What needs to be done:
In the entries that follow, the first line to write out is the one containing "Renee Lowery - @lowerymarie29 - Instagram", and the last is the one containing "Juliah1a live cam on BongaCams". Reproduce that stretch exactly, with nothing before or after it.
######
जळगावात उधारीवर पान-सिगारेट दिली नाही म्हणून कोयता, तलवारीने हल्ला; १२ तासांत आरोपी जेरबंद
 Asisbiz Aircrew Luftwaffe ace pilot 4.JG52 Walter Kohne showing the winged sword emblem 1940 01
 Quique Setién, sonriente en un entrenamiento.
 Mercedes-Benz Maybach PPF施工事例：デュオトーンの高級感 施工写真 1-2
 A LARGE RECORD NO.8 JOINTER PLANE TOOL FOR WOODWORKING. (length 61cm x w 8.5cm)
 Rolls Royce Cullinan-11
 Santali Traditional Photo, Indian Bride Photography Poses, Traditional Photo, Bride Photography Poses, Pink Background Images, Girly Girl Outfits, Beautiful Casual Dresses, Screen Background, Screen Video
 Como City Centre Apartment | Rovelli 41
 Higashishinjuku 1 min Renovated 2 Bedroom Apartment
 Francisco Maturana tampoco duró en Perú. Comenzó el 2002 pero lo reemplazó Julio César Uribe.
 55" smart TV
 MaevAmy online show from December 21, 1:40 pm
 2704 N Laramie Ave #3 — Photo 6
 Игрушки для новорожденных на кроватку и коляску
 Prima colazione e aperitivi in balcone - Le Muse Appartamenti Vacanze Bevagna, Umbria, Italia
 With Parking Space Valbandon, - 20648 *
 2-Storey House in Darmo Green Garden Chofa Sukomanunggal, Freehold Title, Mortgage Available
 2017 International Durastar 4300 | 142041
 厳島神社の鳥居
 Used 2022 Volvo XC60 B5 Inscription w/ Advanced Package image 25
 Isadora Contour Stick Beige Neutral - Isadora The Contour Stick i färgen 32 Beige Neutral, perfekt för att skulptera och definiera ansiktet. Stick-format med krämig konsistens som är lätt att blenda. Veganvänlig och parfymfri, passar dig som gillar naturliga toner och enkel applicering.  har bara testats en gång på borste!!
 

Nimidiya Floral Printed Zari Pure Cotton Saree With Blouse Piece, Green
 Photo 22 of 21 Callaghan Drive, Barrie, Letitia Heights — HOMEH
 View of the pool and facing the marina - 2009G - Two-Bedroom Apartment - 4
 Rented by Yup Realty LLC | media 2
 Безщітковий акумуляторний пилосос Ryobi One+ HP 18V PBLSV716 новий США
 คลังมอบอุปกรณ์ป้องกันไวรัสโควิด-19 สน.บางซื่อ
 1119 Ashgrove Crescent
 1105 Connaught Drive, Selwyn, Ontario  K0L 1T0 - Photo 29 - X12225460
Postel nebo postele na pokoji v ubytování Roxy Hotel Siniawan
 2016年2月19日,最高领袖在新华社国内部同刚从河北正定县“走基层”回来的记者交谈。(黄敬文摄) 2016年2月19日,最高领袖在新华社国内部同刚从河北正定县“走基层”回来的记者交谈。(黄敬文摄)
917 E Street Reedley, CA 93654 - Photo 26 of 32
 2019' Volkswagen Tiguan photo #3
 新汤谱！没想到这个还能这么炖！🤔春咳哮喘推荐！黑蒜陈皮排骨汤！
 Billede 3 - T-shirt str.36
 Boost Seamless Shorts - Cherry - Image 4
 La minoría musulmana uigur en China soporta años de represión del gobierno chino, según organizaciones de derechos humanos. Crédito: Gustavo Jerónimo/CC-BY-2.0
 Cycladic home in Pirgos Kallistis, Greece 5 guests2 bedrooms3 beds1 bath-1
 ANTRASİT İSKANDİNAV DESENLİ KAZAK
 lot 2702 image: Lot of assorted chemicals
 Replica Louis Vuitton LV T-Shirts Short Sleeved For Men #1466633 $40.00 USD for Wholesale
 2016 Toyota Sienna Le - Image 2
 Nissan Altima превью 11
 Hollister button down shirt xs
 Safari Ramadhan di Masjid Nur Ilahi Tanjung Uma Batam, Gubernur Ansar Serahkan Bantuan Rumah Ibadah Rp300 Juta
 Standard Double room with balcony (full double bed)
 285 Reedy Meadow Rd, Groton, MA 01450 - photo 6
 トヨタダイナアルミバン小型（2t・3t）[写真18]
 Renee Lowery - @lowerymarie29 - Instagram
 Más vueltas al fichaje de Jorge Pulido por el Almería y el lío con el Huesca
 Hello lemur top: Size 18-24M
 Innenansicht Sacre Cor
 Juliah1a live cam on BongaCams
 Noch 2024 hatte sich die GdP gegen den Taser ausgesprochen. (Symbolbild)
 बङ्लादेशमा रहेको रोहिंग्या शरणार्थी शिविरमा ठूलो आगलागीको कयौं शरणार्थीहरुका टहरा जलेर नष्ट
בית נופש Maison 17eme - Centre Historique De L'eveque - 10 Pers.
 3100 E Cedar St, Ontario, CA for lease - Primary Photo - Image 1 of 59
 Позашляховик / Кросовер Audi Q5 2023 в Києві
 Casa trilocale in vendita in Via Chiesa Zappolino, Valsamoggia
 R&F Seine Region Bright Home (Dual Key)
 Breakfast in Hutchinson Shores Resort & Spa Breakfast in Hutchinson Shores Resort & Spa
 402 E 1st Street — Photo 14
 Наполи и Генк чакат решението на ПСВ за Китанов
######
Answer box:
 Renee Lowery - @lowerymarie29 - Instagram
 Más vueltas al fichaje de Jorge Pulido por el Almería y el lío con el Huesca
 Hello lemur top: Size 18-24M
 Innenansicht Sacre Cor
 Juliah1a live cam on BongaCams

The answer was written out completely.